We can’t use SQL code in a view, but we can copy the underlying MongoDB aggregation query below – automatically generated through Query Code – and create a view from it.
use RainfallData; db.MonthlyRain.aggregate( [ { "$group" : { "_id" : { "Year" : "$Year", "monthname" : "$monthname", "month" : "$month" }, "MAX(inches)" : { "$max" : "$inches" }, "AVG(inches)" : { "$avg" : "$inches" }, "MIN(inches)" : { "$min" : "$inches" }, "MAX(mm)" : { "$max" : "$mm" }, "AVG(mm)" : { "$avg" : "$mm" }, "MIN(mm)" : { "$min" : "$mm" } } }, { "$project" : { "_id" : NumberInt(0), "monthname" : "$_id.monthname", "MAX(inches)" : "$MAX(inches)", "AVG(inches)" : "$AVG(inches)", "MIN(inches)" : "$MIN(inches)", "MAX(mm)" : "$MAX(mm)", "AVG(mm)" : "$AVG(mm)", "MIN(mm)" : "$MIN(mm)", "month" : "$_id.month" } }, { "$sort" : { "month" : NumberInt(1) } }, { "$project" : { "_id" : NumberInt(0), "monthname" : "$monthname", "MAX(inches)" : "$MAX(inches)", "AVG(inches)" : "$AVG(inches)", "MIN(inches)" : "$MIN(inches)", "MAX(mm)" : "$MAX(mm)", "AVG(mm)" : "$AVG(mm)", "MIN(mm)" : "$MIN(mm)" } } ] );
Summary
When you are designing a MongoDB database, it is likely that you will soon reach the stage where you will go beyond the base collection to provide views and data aggregations.

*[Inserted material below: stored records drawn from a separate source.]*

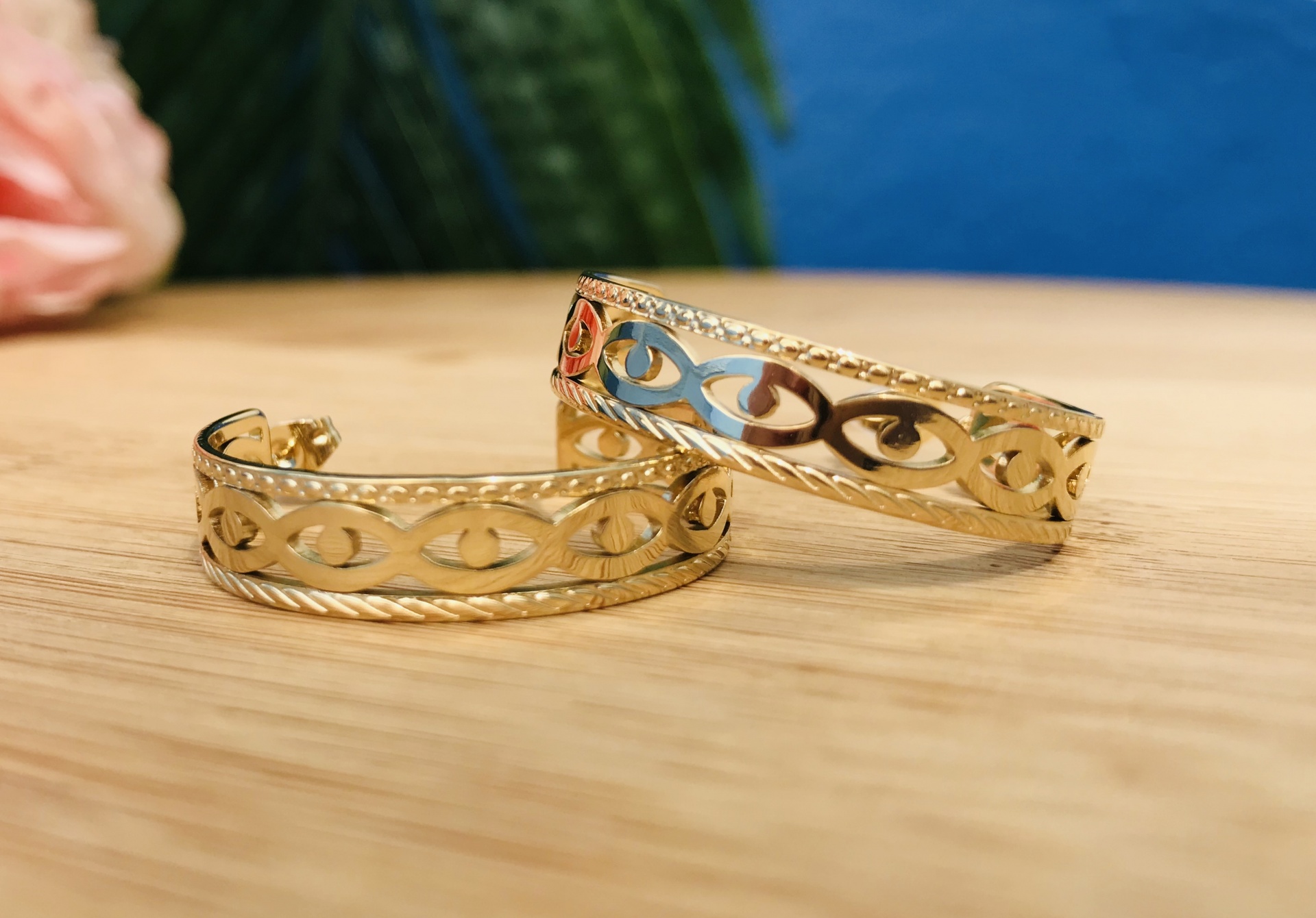 Brincos dourados com padrão de círculos sobre madeira clara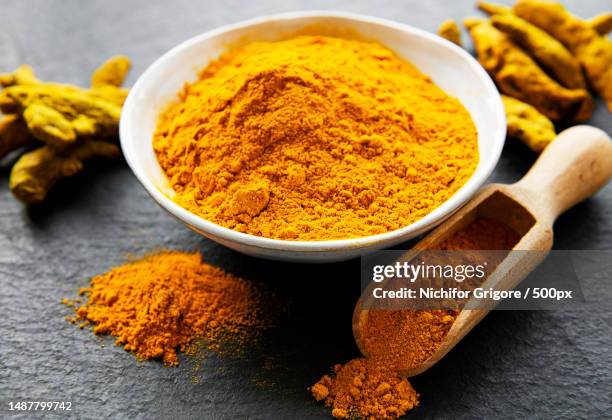 close-up of ground turmeric in bowl on table,romania - tumeric stock pictures, royalty-free photos & images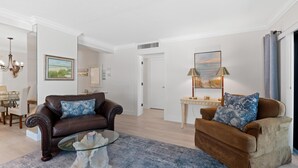 Ein Wohnzimmer mit einem braunen Ledersofa, einem Glastisch und einem blau gemusterten Teppich.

In this article, I’ve given you a practical demonstration of views to supplement the data aggregation techniques I illustrated in Using Aggregation and Regex in MongoDB to Reduce Data in a Collection and MongoDB, A Database with Porpoise.
When should you use a view rather than a data aggregation? Basically, views are best where data is ‘ín motion’, likely to change at any moment, and it is essential to get the data as it is, whereas data aggregations are for static and historic data that is the bedrock of reporting. They both hide complexity from the application, decouple the development of the application and database, increase the opportunity for security and data masking, make tuning easier, and make it easier to put more complex code in one place only.